◆ **EXERCISE DESCRIPTION**: Transcribe the data verbatim and drop its images.
┌────────
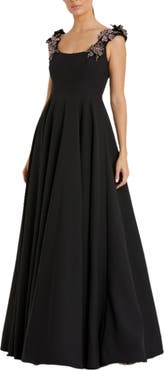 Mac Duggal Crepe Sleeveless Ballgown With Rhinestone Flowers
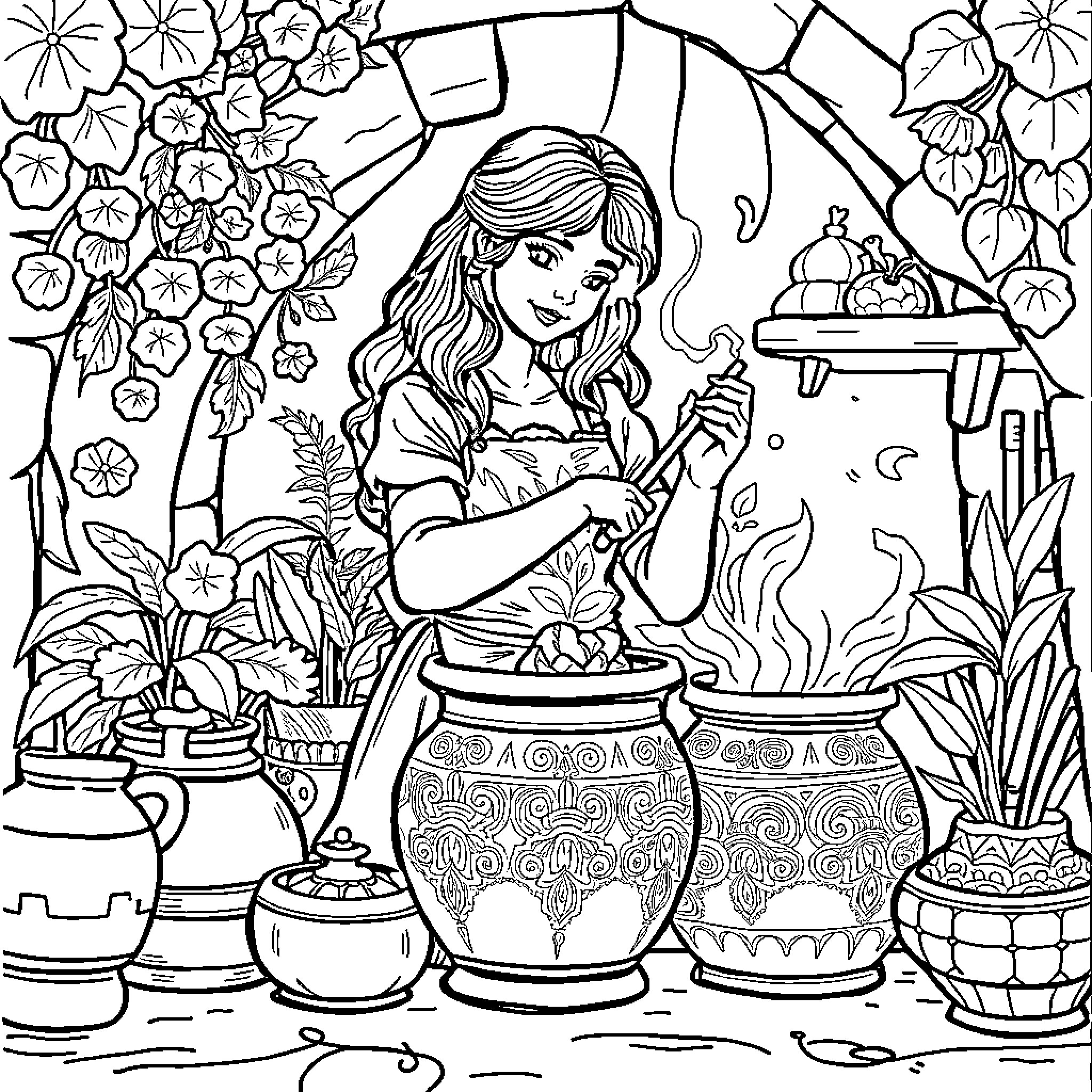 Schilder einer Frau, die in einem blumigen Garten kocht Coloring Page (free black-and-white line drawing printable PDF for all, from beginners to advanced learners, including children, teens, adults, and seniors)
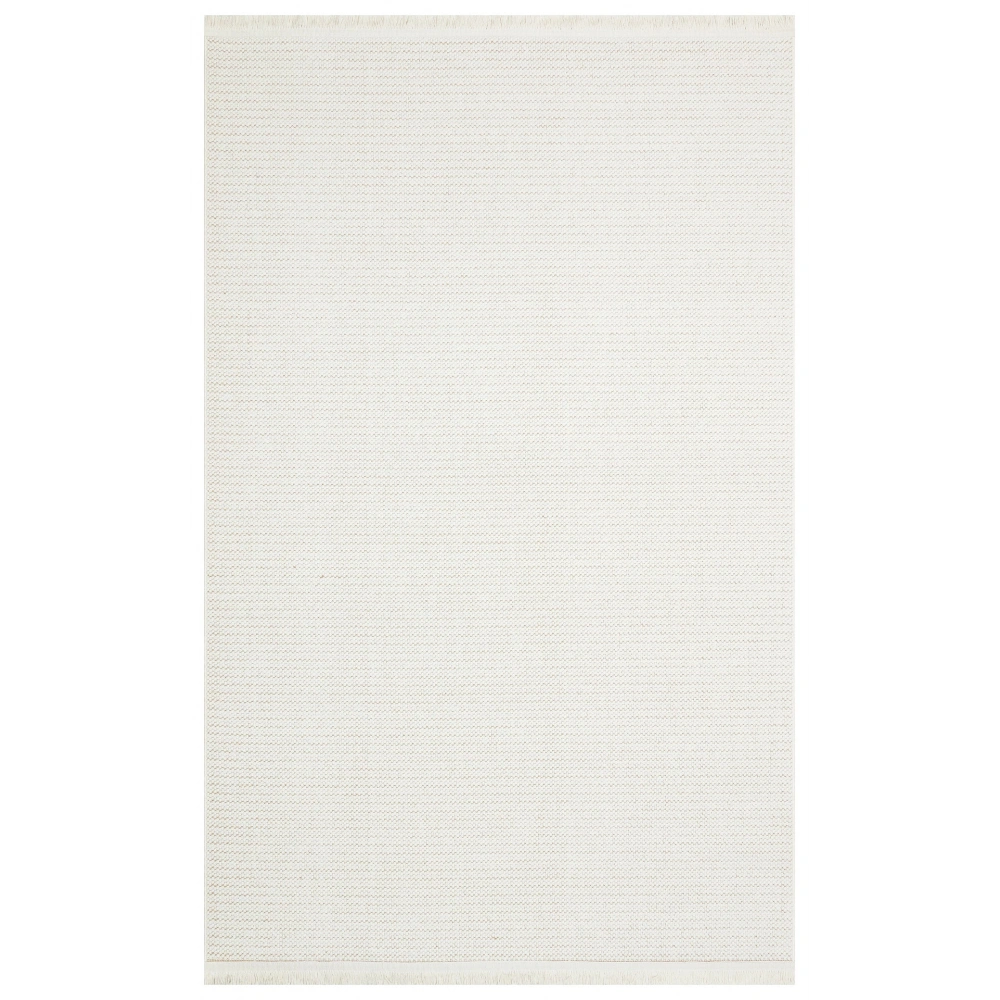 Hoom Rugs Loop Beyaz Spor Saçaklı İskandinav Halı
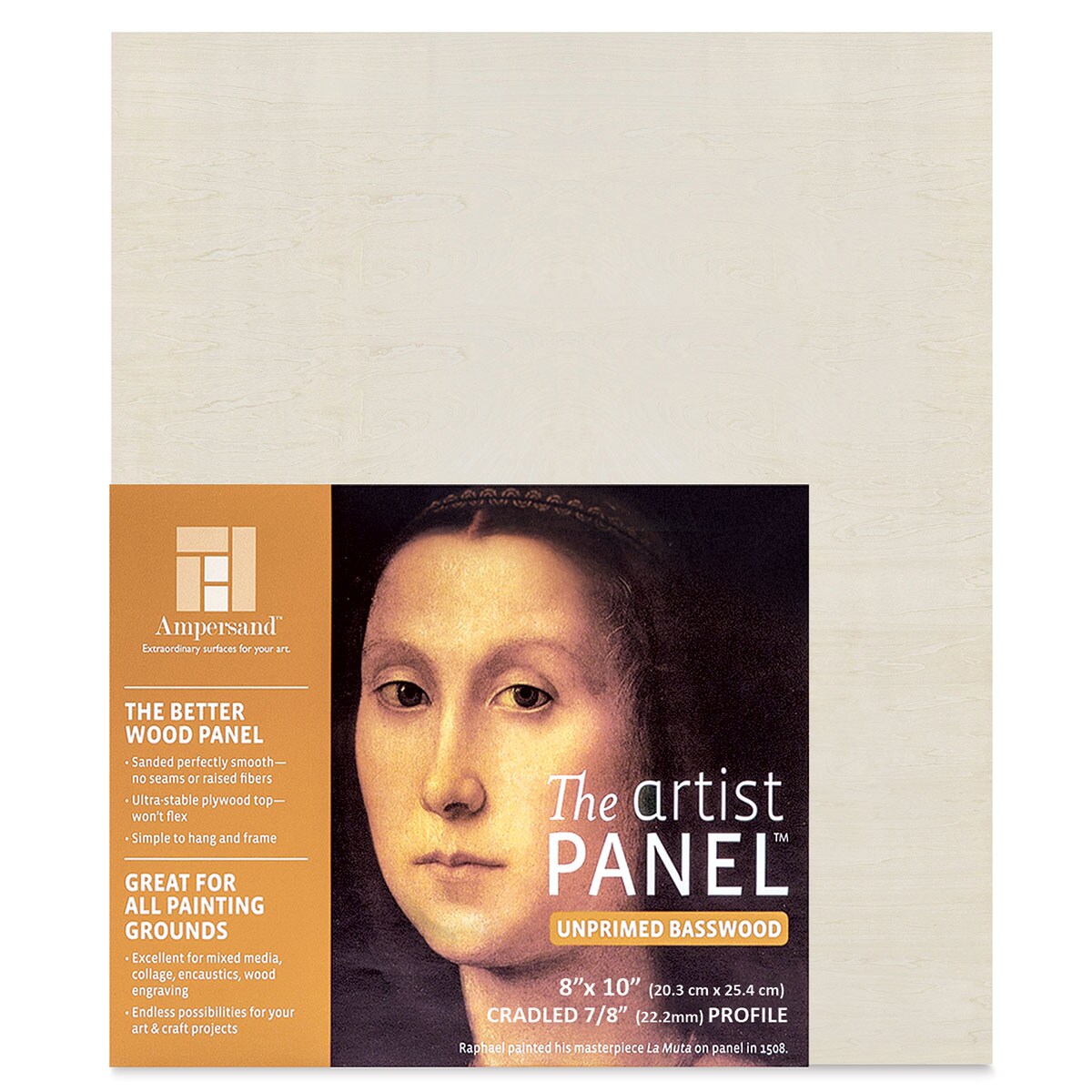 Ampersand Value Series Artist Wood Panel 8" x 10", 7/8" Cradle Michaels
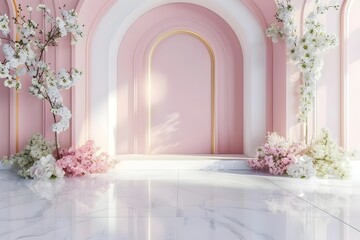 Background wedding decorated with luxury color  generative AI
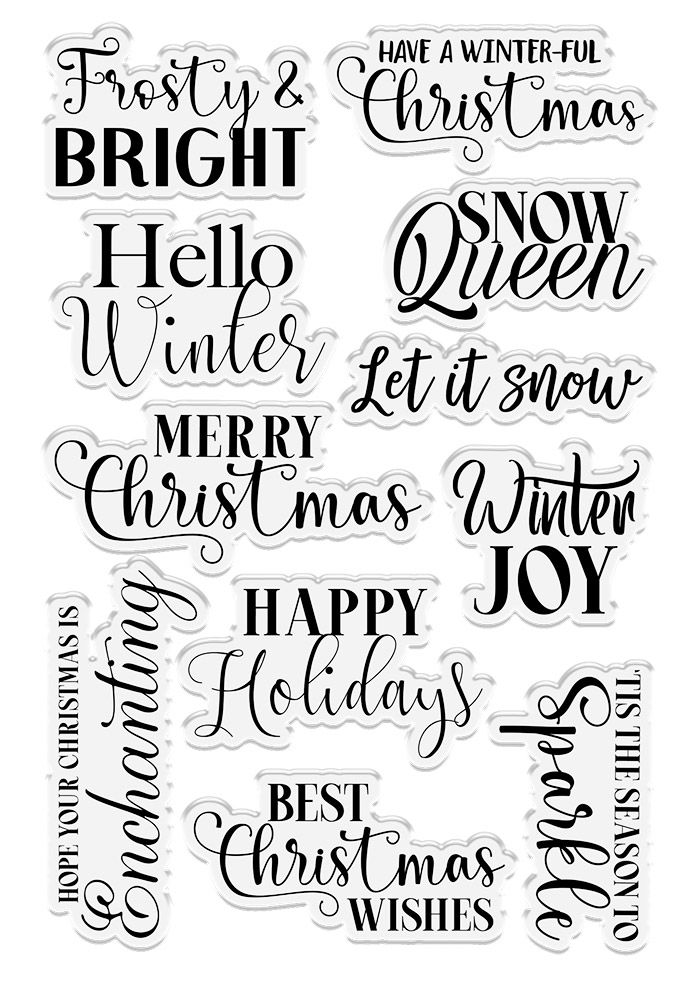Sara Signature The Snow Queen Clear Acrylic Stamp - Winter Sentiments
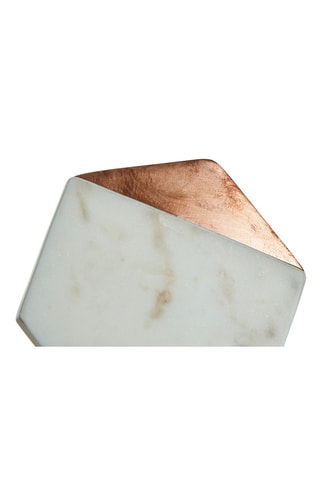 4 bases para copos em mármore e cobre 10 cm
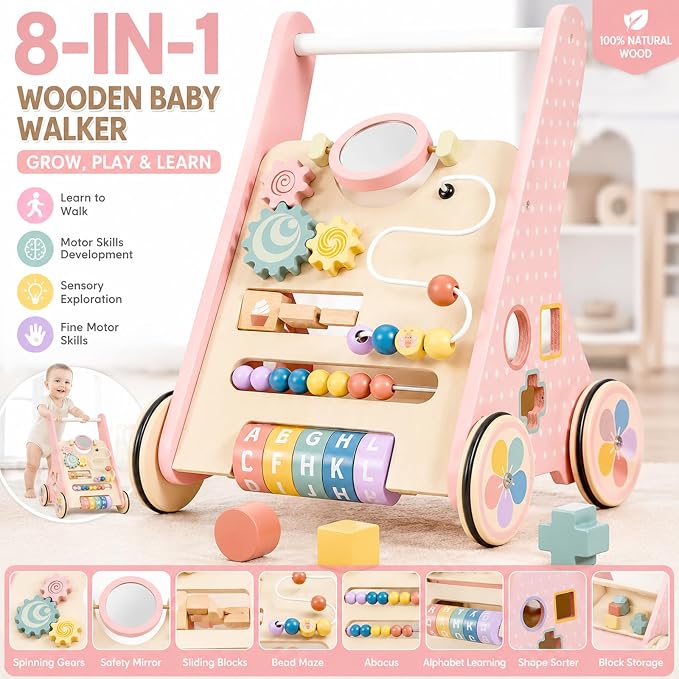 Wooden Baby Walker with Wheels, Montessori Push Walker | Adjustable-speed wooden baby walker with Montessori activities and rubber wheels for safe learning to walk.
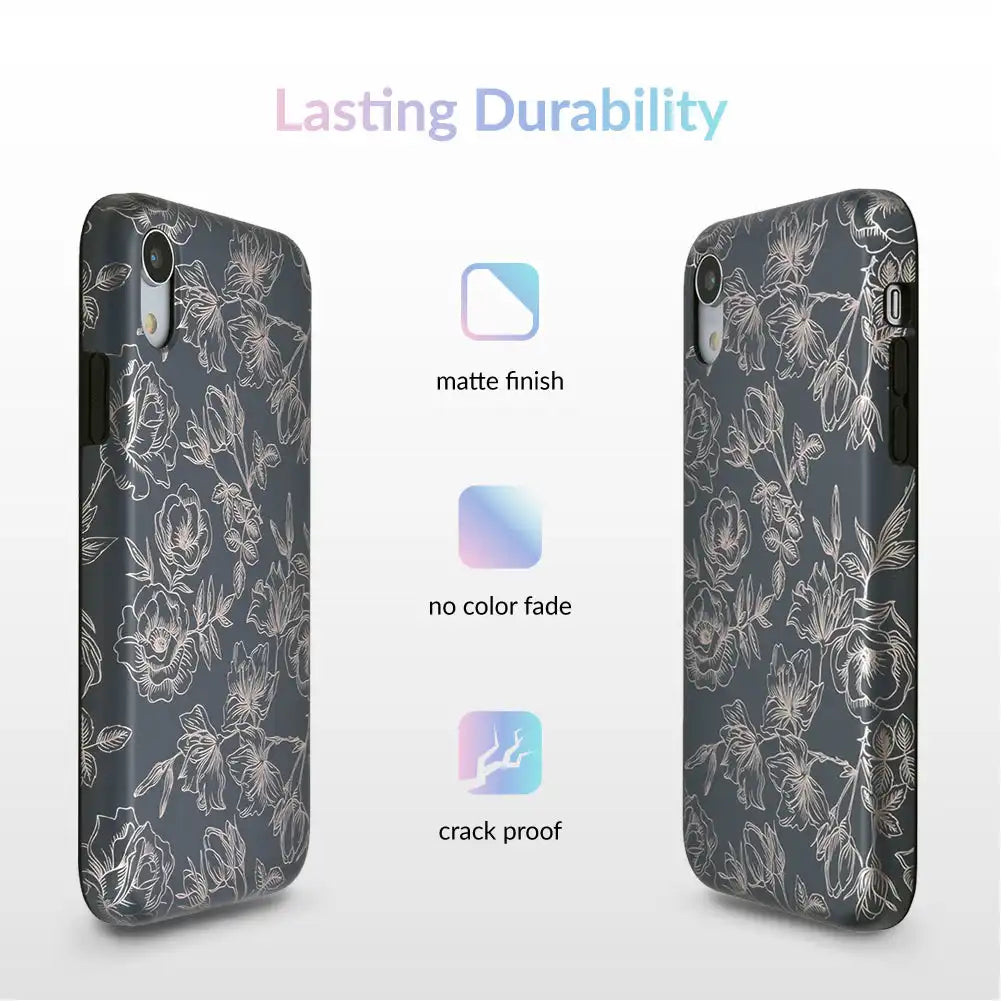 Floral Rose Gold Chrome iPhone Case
└────────
◆ **WRITTEN SOLUTION**:
 Mac Duggal Crepe Sleeveless Ballgown With Rhinestone Flowers
 Schilder einer Frau, die in einem blumigen Garten kocht Coloring Page (free black-and-white line drawing printable PDF for all, from beginners to advanced learners, including children, teens, adults, and seniors)
 Hoom Rugs Loop Beyaz Spor Saçaklı İskandinav Halı
 Ampersand Value Series Artist Wood Panel 8" x 10", 7/8" Cradle Michaels
 Background wedding decorated with luxury color  generative AI
Sara Signature The Snow Queen Clear Acrylic Stamp - Winter Sentiments
 4 bases para copos em mármore e cobre 10 cm
 Wooden Baby Walker with Wheels, Montessori Push Walker | Adjustable-speed wooden baby walker with Montessori activities and rubber wheels for safe learning to walk.
 Floral Rose Gold Chrome iPhone Case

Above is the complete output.